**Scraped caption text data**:
═══

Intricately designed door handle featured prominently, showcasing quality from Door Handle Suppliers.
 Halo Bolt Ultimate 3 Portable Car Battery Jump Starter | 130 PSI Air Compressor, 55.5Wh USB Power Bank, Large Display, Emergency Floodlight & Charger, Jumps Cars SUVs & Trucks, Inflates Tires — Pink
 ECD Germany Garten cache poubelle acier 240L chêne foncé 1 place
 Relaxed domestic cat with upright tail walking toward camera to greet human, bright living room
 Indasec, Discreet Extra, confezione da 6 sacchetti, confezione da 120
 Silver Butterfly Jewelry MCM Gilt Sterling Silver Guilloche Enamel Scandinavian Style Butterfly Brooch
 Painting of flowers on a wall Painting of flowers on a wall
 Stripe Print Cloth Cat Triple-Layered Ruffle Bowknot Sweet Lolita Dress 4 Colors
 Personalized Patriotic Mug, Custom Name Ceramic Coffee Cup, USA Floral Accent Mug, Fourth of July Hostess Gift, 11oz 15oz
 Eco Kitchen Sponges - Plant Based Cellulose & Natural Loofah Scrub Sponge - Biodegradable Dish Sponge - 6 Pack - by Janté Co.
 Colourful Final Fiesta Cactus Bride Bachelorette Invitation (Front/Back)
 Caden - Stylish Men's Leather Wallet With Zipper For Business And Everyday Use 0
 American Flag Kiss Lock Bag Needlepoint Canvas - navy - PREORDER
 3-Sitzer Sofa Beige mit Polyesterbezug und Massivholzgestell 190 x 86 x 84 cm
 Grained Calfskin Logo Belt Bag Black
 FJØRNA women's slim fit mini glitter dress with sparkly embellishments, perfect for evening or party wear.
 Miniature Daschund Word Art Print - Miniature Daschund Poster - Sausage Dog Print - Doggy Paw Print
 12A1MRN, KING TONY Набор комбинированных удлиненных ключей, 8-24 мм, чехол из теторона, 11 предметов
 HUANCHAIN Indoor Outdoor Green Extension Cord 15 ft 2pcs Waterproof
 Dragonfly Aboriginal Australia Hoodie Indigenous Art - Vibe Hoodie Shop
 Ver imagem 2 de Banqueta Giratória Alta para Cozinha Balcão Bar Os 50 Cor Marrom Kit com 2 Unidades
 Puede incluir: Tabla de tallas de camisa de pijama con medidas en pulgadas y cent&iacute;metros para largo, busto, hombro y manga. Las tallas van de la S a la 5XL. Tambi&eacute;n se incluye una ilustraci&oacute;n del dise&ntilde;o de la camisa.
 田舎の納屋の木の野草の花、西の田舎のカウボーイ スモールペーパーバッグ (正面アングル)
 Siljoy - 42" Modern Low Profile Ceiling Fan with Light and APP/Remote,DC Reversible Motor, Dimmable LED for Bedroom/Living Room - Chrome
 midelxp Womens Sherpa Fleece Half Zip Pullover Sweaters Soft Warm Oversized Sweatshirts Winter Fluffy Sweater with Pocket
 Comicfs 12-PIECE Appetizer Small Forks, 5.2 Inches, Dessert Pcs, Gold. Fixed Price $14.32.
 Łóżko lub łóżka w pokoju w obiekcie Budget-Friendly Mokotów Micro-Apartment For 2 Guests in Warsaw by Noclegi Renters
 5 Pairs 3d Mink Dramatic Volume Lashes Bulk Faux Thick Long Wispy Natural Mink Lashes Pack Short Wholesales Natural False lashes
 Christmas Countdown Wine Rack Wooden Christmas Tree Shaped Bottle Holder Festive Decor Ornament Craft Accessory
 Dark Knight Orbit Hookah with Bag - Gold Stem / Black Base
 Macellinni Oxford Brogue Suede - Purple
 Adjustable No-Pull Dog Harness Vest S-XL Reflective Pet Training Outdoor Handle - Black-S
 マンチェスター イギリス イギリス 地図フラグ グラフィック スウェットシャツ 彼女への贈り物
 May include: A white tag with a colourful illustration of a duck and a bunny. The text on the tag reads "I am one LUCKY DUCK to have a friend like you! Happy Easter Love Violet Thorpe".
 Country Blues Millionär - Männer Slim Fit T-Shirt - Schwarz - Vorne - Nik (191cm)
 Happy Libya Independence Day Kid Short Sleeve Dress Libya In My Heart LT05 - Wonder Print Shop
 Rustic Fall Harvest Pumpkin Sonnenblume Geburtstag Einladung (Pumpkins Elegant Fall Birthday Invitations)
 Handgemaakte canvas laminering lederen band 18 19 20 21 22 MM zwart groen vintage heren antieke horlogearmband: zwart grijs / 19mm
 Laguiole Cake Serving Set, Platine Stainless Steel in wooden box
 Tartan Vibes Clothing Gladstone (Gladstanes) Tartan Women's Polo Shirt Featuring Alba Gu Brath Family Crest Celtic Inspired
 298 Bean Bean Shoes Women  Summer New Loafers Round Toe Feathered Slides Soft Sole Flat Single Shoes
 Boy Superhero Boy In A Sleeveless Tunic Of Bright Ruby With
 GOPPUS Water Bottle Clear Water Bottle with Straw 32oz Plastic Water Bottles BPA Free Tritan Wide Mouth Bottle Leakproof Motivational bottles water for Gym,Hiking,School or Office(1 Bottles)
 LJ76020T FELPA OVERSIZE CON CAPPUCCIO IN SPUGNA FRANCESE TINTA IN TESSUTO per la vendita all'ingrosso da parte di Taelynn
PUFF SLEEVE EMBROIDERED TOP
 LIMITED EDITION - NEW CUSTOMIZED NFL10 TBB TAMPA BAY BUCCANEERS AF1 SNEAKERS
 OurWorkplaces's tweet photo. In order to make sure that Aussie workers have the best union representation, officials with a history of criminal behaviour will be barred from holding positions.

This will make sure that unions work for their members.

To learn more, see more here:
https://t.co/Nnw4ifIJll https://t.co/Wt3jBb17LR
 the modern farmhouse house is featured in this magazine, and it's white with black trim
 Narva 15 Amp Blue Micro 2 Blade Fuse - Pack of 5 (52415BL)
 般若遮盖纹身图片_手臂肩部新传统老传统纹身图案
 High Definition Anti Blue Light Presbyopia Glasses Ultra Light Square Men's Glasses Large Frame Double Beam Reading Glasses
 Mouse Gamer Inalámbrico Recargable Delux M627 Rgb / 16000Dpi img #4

═══

Only the number is wanted: how many lines in the data include the string "Outdoor"?

**EXPECTED ANSWER**: 2